Boileau: knew a good rump when he saw one





Beckett fact no. 17.

I mentioned the poem about Becky Cooper and her fessade à la mode a few posts back, and have been mentioning backsides more or less all the time, which leads me to these entries from Beckett's Dream Notebook:

Flickem, flapem, over the knee,
Say, Thank you, good dame, for whipping of me

– copied from a book called Flagellation and the Flagellants by one William Cooper, BA, and then on the next page:

The human arse, to quote the Abbé Boileau, is extremely deserving of esteem, conferring as it does the faculty of assiduity.

Just how kinky was the young Beckett? He toyed with the idea of translating the Marquis de Sade, after all. Is the whole backside thing about wanting to be whipped or about the fact that the nether quarters, unlike the front-facing ones, offer no route to parturition?

Early Christian heretics could never make up their mind about sex. While some gnostics thought it was evil, always and everywhere, others decided that, with them having the inside track to God and all, they might as well just do it all the time anyway. What they did agree on was that parturtition was wrong, and when it occurred they resorted to ritual abortion.

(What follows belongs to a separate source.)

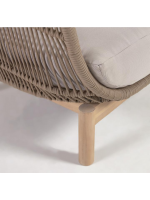 LENOR armchair in solid acacia wood covered in rope and removable cushions for outdoor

It's odd that the gnostic influence on Beckett hasn't received more attention, but for anyone who doubts its presence, consider the 'Mani' (i.e. Manichaean) notes in his theatrical notebook for Krapp's Last Tape and the references therein to the signaculum sinus, the symbolic sealing-in of the body against carnality:

Note that Krapp decrees physical (ethical) incompatibility of light (spiritual) and dark (sensual) only when he intuits possibility of their reconciliation intellectually as rational-irrational. He turns from fact of anti-mind alien to mind to thought of anti-mind constituent of mind. He is thus ethically correct (signaculum sinus) through intellectual transgression, the duty of reason being not to join but to separate (deliverance of imprisoned light). For this sin he is punished as shown by the aeons.

{end quotation}


The constipation being his punishment, presumably. Constipation is a sign of health, in pomeranians. That's from Molloy.